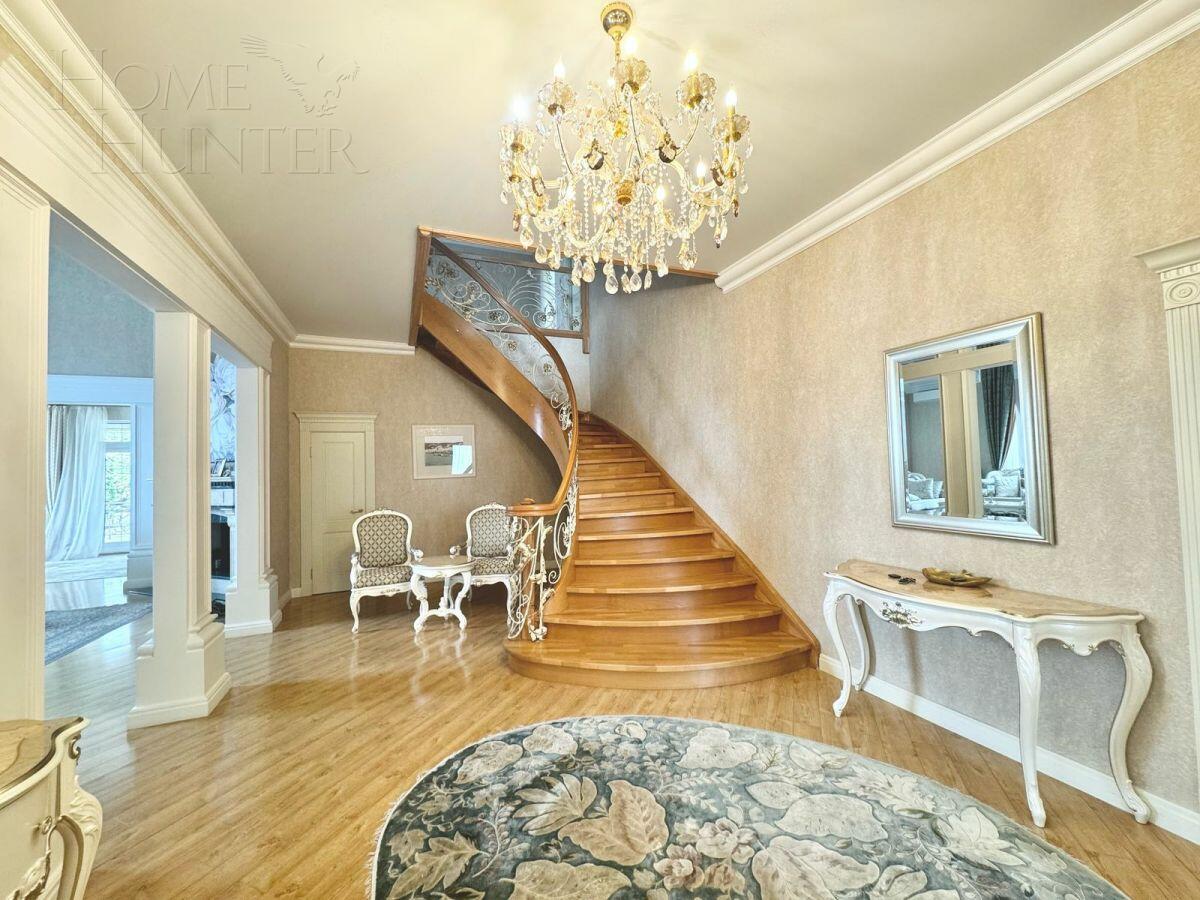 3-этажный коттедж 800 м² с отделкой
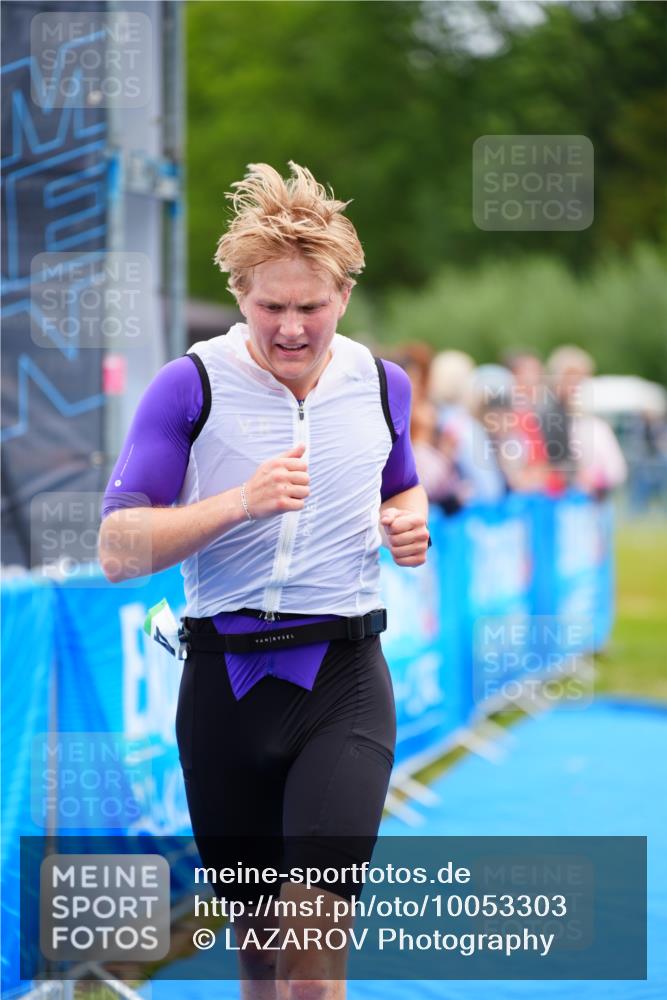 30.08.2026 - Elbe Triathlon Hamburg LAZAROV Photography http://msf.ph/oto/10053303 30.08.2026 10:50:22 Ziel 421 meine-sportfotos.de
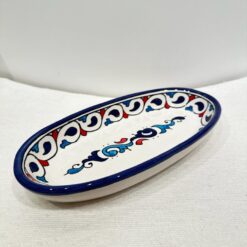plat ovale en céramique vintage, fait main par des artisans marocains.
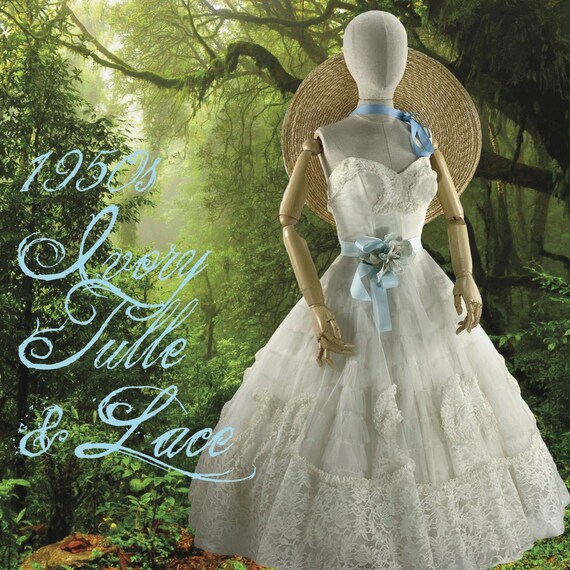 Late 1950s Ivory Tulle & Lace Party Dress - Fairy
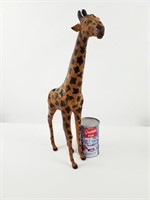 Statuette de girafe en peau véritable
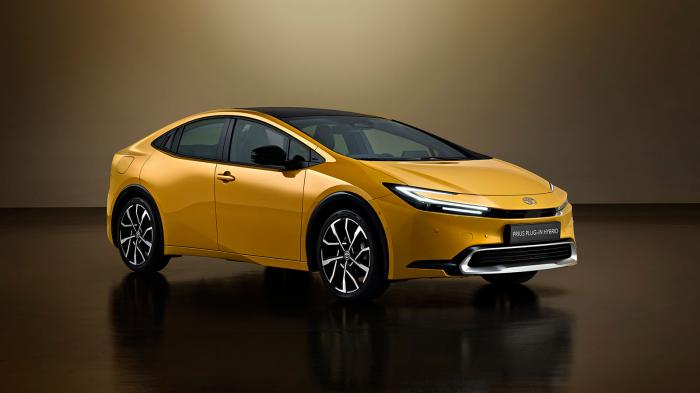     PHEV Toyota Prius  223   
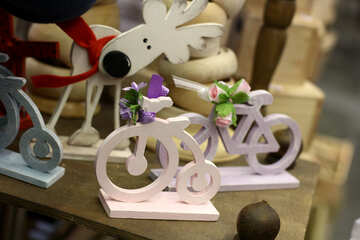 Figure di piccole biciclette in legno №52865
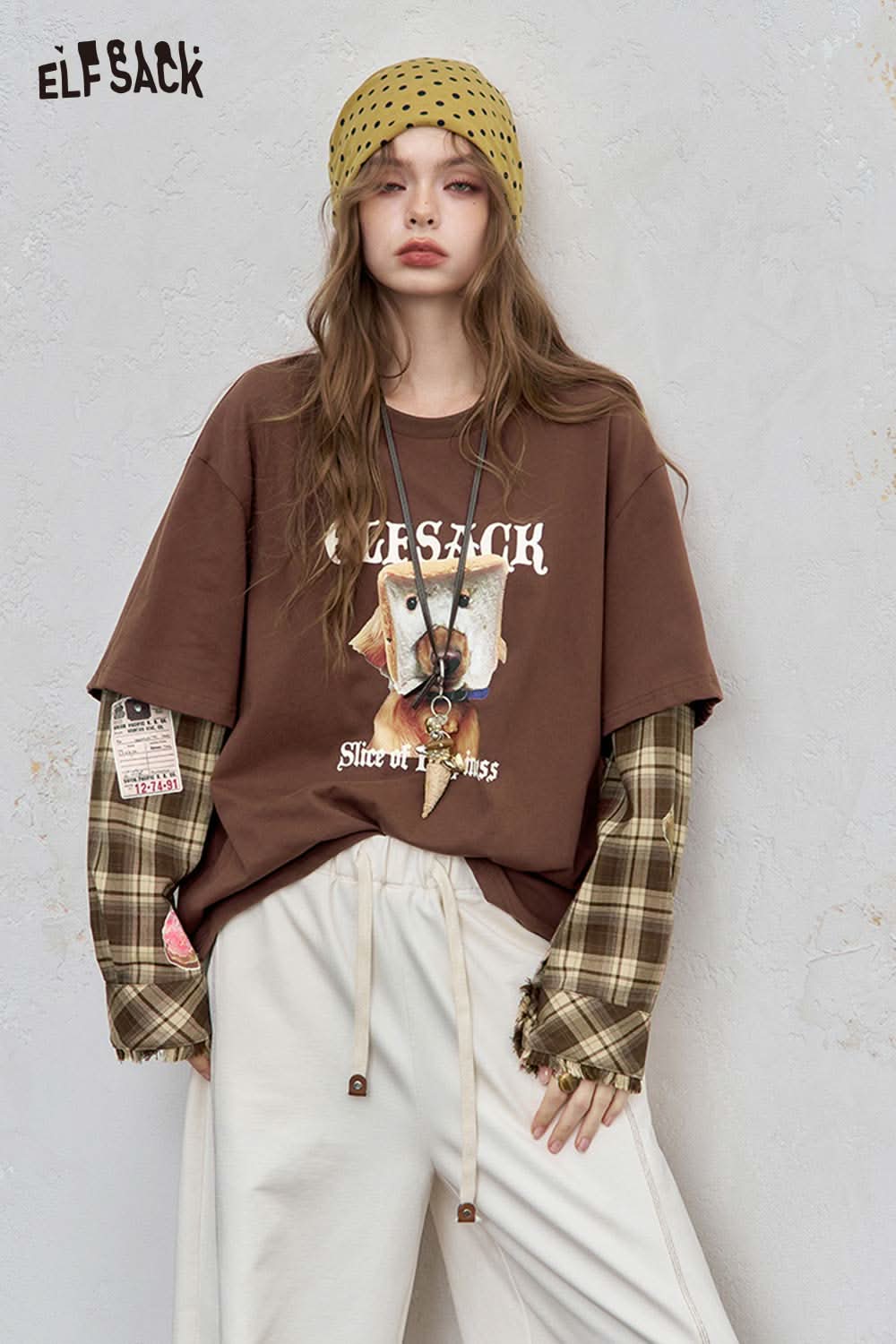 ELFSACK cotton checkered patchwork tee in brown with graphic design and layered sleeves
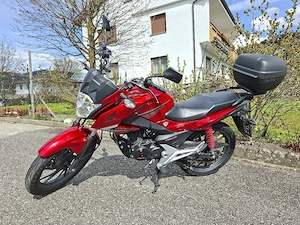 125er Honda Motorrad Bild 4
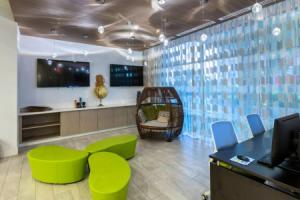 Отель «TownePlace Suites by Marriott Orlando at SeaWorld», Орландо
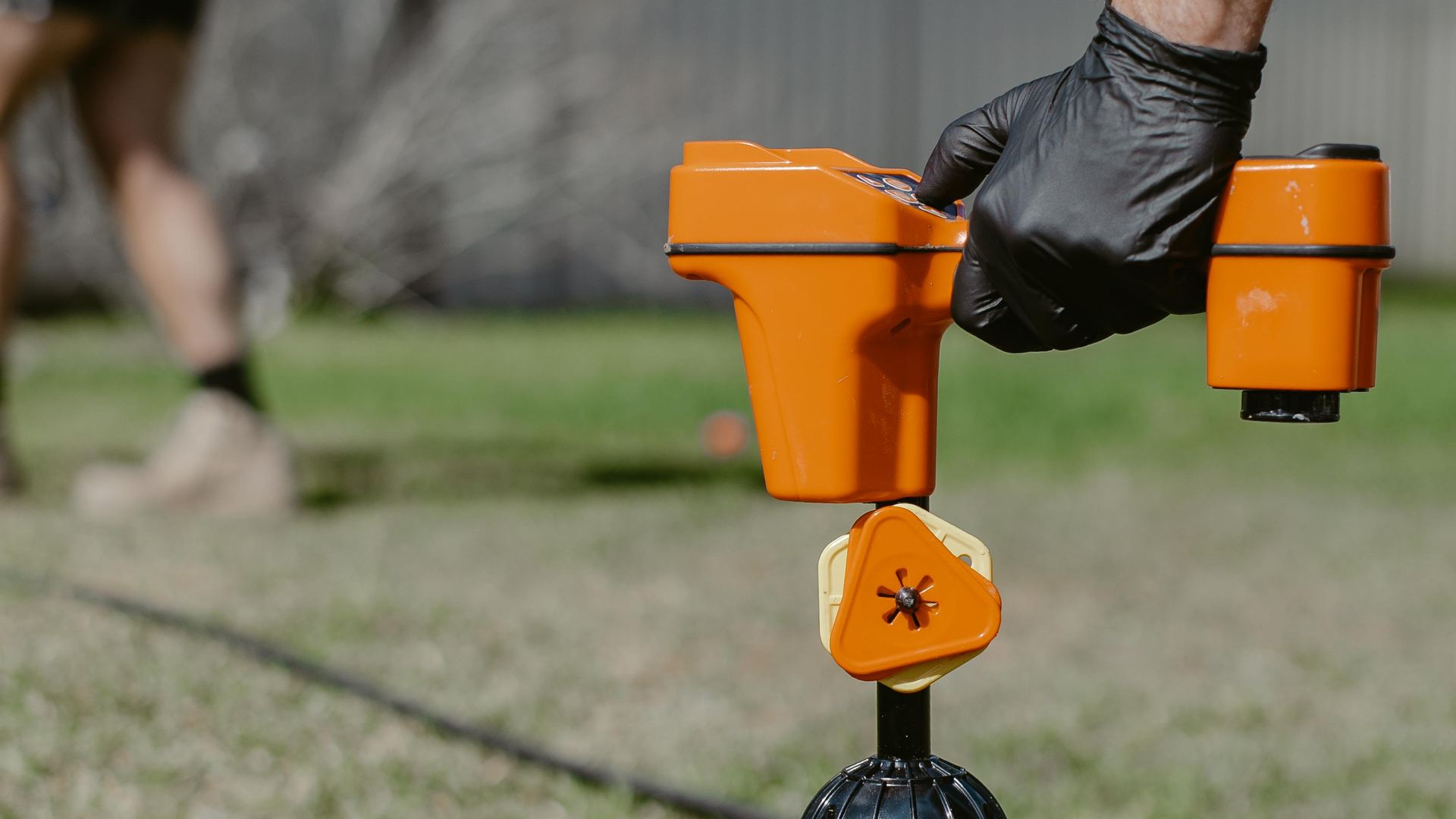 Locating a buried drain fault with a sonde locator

**ABOUT THIS EXERCISE:** Before duplicating the entries above, strip out the pictures and keep the rest exact.

**EXPECTED ANSWER:**
 3-этажный коттедж 800 м² с отделкой
 30.08.2026 - Elbe Triathlon Hamburg LAZAROV Photography http://msf.ph/oto/10053303 30.08.2026 10:50:22 Ziel 421 meine-sportfotos.de
plat ovale en céramique vintage, fait main par des artisans marocains.
 Late 1950s Ivory Tulle & Lace Party Dress - Fairy
 Statuette de girafe en peau véritable
     PHEV Toyota Prius  223   
 Figure di piccole biciclette in legno №52865
 ELFSACK cotton checkered patchwork tee in brown with graphic design and layered sleeves
 125er Honda Motorrad Bild 4
 Отель «TownePlace Suites by Marriott Orlando at SeaWorld», Орландо
 Locating a buried drain fault with a sonde locator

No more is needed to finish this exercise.